The keychains that Americans carry these days hold not just keys but also pocket knives, mini-flashlights, dog whistles, electronic buttons that open car doors, tiny stuffed animals -- even cans of mace to ward off muggers.
Oh, and little plastic cards called "club cards," "bonus cards" and the like.
In order to qualify to get the low, sale price on, say, a jar of mustard at the store, you must present your club membership card. The clerk swipes it over a scanner, which rings up the discounted price.
But the store gets something quite valuable in return: information about YOU.
When you obtain your shopper card, you provide your address, phone number, and, most likely, your social security identity number. Every time you shop, a computer matches that information with a list of the things you buy.
Companies say this helps them keep the products that customers prefer in stock.

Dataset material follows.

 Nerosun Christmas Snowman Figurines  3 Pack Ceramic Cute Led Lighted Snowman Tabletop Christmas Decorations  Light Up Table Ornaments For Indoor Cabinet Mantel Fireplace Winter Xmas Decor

But privacy advocates hate these discount cards, because they track sensitive purchases like pregnancy kits and because companies sometimes sell their computerized records. Yes we do, say the stores, but these are anonymous, mass data files that disclose nothing about individual customers.
Problem is, corrupt employees have occasionally been caught selling personal records, and hackers have spectacularly intruded into databases. And lost or stolen club cards put consumers at risk. To prove that point, a radio talk show host recently called a store and said she'd found a shopper card and would like to return it to its owner. She read the card number, and the company clerk blithely gave her the owner's name and address.
So while the little cards hanging from keychains open the world of discounts to consumers, they can also reveal customers' secrets to the world.